Applied Literacy routines have a strong track record of changing a school or district’s writing culture. Permanent change happens when

  • An Applied Literacy trainer partners with building leaders onsite for several professional development events.

Changing a school’s writing culture requires a thoughtful, ongoing plan for supporting teachers.

Best completed by an Applied Literacy trainer

  1. Orienting all teachers to materials and routines
  2. Demonstrating Applied Literacy routines in classrooms while teachers observe
  3. Conducting micro-teaching modules that fine-tune teachers’ writing routines
  4. Training all teachers to score student writing in a reliable scoring session
  5. Analyzing student performances on state tests to plan a scope and sequence for writing for the following year.

Best completed by building leaders

  1. Coaching teachers as they demonstrate their writing routines
  2. Administrating mock writing tests in preparation for state testing
  3. Posting student exemplars and publishing final drafts
  4. Recording teachers’ use of the five key practices of writing-based learning
  5. Helping teachers create effective writing prompts for unit and lesson plans

A: Most schools follow a three-year implementation plan that includes onsite training and support for teachers. They purchase materials at the launch of each new routine. In subsequent years, they provide additional materials for new teachers and students. Student licenses for our electronic learning products are available in one to five-year increments.
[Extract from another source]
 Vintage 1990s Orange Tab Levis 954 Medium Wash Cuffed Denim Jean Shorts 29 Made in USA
A: Applied Literacy is proud of the wide range of schools that have succeeded with one or more of our three instructional routines.

  • Public schools
  • Private schools and academies
  • Charter schools

The schools we serve have a single trait in common: a strong, intentional commitment to systematic writing that prepares students for life-long learning.

A: Contact us and arrange a phone conference with one of our sales consultants. They will review your school’s needs and help you determine which of our routines best suits your current needs and resources.
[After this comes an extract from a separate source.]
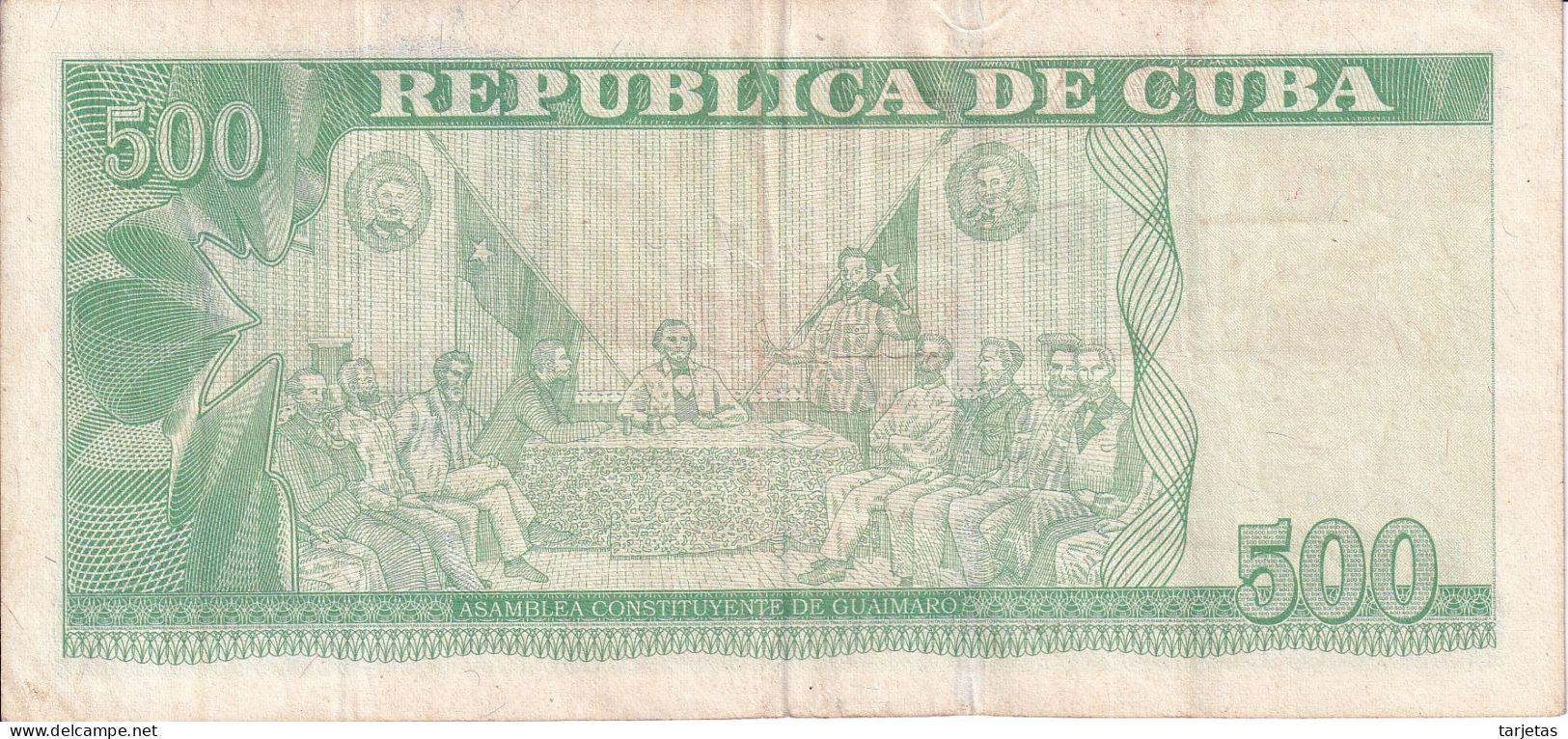 BILLETE DE CUBA DE 500 PESOS DEL AÑO 2010 (BANK NOTE) IGNACIO AGRAMONTE - Cuba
A: We have three standalone instructional routines (short writing to learn, grammar instruction, and extended writing). Other programs focus only on extended writing. Our materials and strategies empower students to think critically and work independently throughout entire work sessions. Other programs rely on teachers to motivate their students to write.

We train teachers to:

  • Quantify what they expect of students before they write.
  • Model what they expect of students by writing with them.
  • Guide student choices by using specific strategies and advance organizers.

We guide students to:

  • Respond to the quality of each other’s writing by using  PALS (peer-assisted learning system) strategies every time they write.
  • Self-assess the degree to which their writing meets their teachers expectations using a simple rubric.

Few other programs spell out these five key practices this intentionally.
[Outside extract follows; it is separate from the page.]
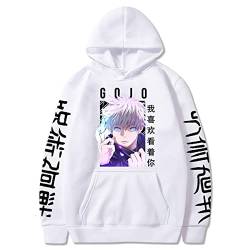 zhedu Japan Anime Jujutsu Kaisen Gojo Satoru Hoodies Sweatshirt Casual Anime Pullover Print Lose Langarm Herren Hoodie Streetwear (L,Color 02) von zhedu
Unlike other writing programs, Applied Literacy takes Donald Graves admonition to “Take Energy from Assessment” seriously in developing our model for writing-based learning. Each of our instructional tools, strategies, and routines are specifically designed to empower student writers and their designated PALS to demonstrate mastery of core standards. As students direct and assess their own learning, they prepare themselves to do their best on all tests of knowledge and written expression.

Our classroom action research shows how it is possible to prepare students for battery of annual tests and to insure students later success in college and careers.